Reform Dynamics in Japan: Exit and Voice
By Etienne RP
Leonard Schoppa's thesis starts from the concepts of exit and voice developed by political scientist Albert Hirschman. For Hirschman, the degree to which national authorities pursue reforms is a function of the ease of social actors to escape problems ("exit") or to organize collectively to demand change ("voice"). Authorities are forced to react when exit behaviours become so widespread that the problem at hand develops into a crisis (people "vote with their feet") or when social actors overcome obstacles to collective action and voice their discontent (people "take to the streets"). As a consequence, we should expect the most reform-oriented policies in sectors or in circumstances when exit costs are either very low, provoking a race for the exits, or when they are so high that people have no other solution but to organize and press for change. The propensity to reform is the lowest in intermediary cases when exit costs are neither high nor low, and so when there is neither mass exit nor organized protest.
In Race for the Exits, Leonard Schoppa applies this simple model to the dynamics of reform in contemporary Japan and looks in particular at the decisions made by two types of social actors: firms and women. He argues that the postwar welfare system rested on sacrifices made by these two actors. Firms maintained domestic production and protected their core workers as part of the "convoy capitalism" led by the Japanese bureaucracy. Women left the workforce to marry, raise children, and eventually care for aging parents and in-laws. As this system of social protection unravelled in the 1990s, the author offers four case studies illustrating the incentive for reform or lack thereof depending on the frequency of exit or voice behaviours.

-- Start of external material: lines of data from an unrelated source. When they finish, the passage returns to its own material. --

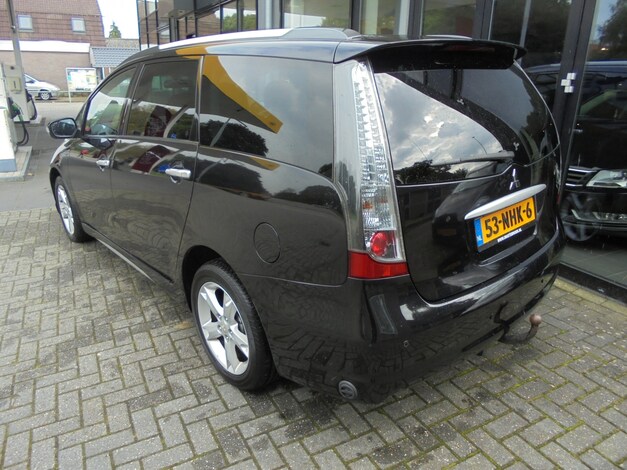 Mitsubishi-Grandis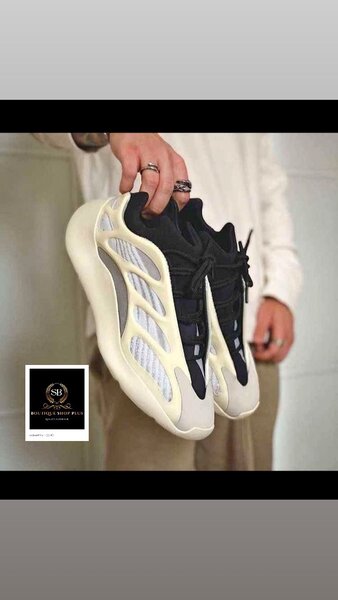 Basket adidas yeezy boots v3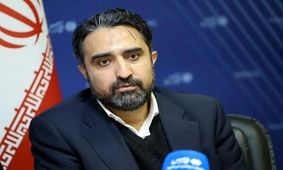 عضو هیئت موسس تشکل اصولگرا: نبرد نهایی ما با آمریکا نزدیک است/ لحظه شماری می کنیم ترامپ غلطی بکند تا اراضی اشغالی و پایگاه های آمریکایی در منطقه را با خاک یکسان کنیم/ یا ما امنیت داریم یا با رویکرد "مرد دیوانه" برای هیچکس در این منطقه امنیت نخواهیم گذاشت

The two cases where firms were faced with an exit option are industrial delocalisation and financial off-shoring. Industrial delocalisation to emerging countries with lower labour costs and fast-growing markets occurred for a variety of reasons; but one consideration was the comparison between domestic production costs and costs of producing abroad. Firms and authorities could have acted collectively to reduce costs at home through various policy reforms: market liberalization, deregulation of public utilities, job flexibility, recourse to immigration, etc. But private companies didn't push hard for reforms, and bureaucrats didn't construe foreign direct investment as a problem that needed to be addressed: if anything, they encouraged the trend toward delocalisation, despite the risks of hollowing out the productive core of the Japanese economy. We are here confronted with a median case in Hirschman's model: some exit did occur, but it wasn't a massive outflow, and little voices were raised.
On the contrary, the risk of financial off-shoring led the Japanese authorities to implement prompt and far-reaching reforms of the domestic financial sector. Financial flows face very little exit costs, and investors can arbitrate between various financial centres offering more or less the same services. Japanese firms did start to invest heavily in euro-markets in the mid-1980s, prompting the government to take action and reform the Tokyo market with a Big Bang approach. The presence of foreign investors, as well as the option for Japanese companies to list their shares on foreign markets, exerts a competitive pressure that force market authorities and regulators to stay on the cutting edge of financial development.
Women faced with the difficulty to combine the pursuit of a career and family obligations have different kinds of exit options. The traditional model forces women to choose between a career and a family; it also puts pressure on elder daughters to take care of their ailing parents or in-laws. Both trends are fiercely resisted by modern women, who cherish their autonomy. But their actions had very different results on birth-rate policies and aged care, the two cases examined by the author.
Working mothers can exit the workforce to become full-time mothers or take a part-time job compatible with raising children. Or they can postpone and ultimately give up motherhood to pursue their career. In a society that expects young office ladies to resign when they marry, they can also defer marriage. This, of course, leads to lower birth rates, a problem that authorities were slow to realize and reluctant to address. An alternative course of action for women would have been to claim their right to combine career and motherhood and to demand the social infrastructure and collective changes that would make the two compatible: paid leave for child-rearing, shorter work hours, nursery schools, child allowances and other financial incentives as well as more participation of husbands to household chores. Authorities, faced by the shrinking population problem, finally realized that these policies were necessary to improve birthrates, but they recoiled at the costs involved; besides, there were little collective demands to implement such changes.
Long-term care of dependent parents was a different issue. Contrary to child-bearing, there was no exit option: dependent parents had to be taken care of, and the rapidly aging population made the problem even more acute. As Schoppa documents, women organized as early as the 1980s and took this issue to the public arena, putting pressure on the state and on local governments to provide adequate care through various mechanisms: long-term care insurance, nursing facilities, home care services, etc. As a result, Japan now boasts one of the most advanced system of aged-care support.
This book illustrates the power of applying a simple theoretical model to a complex reality. Economic and social issues are seldom treated together, but the dynamics of voice and exit make it possible to compare reforms in these two sectors. It also explains why Japan has implemented far-reaching reforms in some sectors and has blocked any progress in others. For all these achievements, Race to the Exits should be highly commended.